Tuesday, June 29, 2010 | 7:05 p.m.
Nevada Taxicab Authority staff recommended a dramatic change in the way people pay for taxi rides to and from McCarran International Airport, but any changes are still likely months away.
The recommendation came during the authority’s monthly board meetings, where board members sought to address the problems of long-hauling, a practice where drivers take passengers on a longer route to their destination to charge them more.
Most of the long-hauling in Las Vegas happens when drivers take tourists to the Strip from McCarran via the airport tunnel rather than the more direct Paradise Road route.
Staff recommended the authority introduce a flat rate of $20 for all trips to and from the airport, so no matter which way a taxi goes, the trip would cost the same.
But board members appeared hesitant to give up the traditional pricing structure where passengers are charged based on how long they are in the taxi.
The board scheduled a July 14 workshop for authority officials to discuss the plan with cab companies and their drivers.
Taking a longer route is legal when drivers ask permission from the passengers, often because it can be faster to take a longer route when there is traffic congestion.
But enforcing long-haul rules has been difficult for the authority.
Administrator Gordon Walker said adding additional officers to the authority’s enforcement team would not make much of a difference.

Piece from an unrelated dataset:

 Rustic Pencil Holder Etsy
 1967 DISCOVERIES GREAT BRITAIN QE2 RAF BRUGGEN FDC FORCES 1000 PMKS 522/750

Instead, the authority needs a comprehensive solution to the problem.
The flat rate would remove any questions of drivers’ integrity and could actually increase the number of people who take a taxi instead of a shuttle or limo, officials said.
But some drivers said they aren’t sure a flat fee would be fair because people taking a short ride to a hotel near the Strip would pay the same as someone going downtown.
The authority said the specifics of the program, such as the distance from the airport that would be covered by the flat rate, is still open for discussion at the workshop.
And any change to the rates would have to be approved by the board at a future meeting.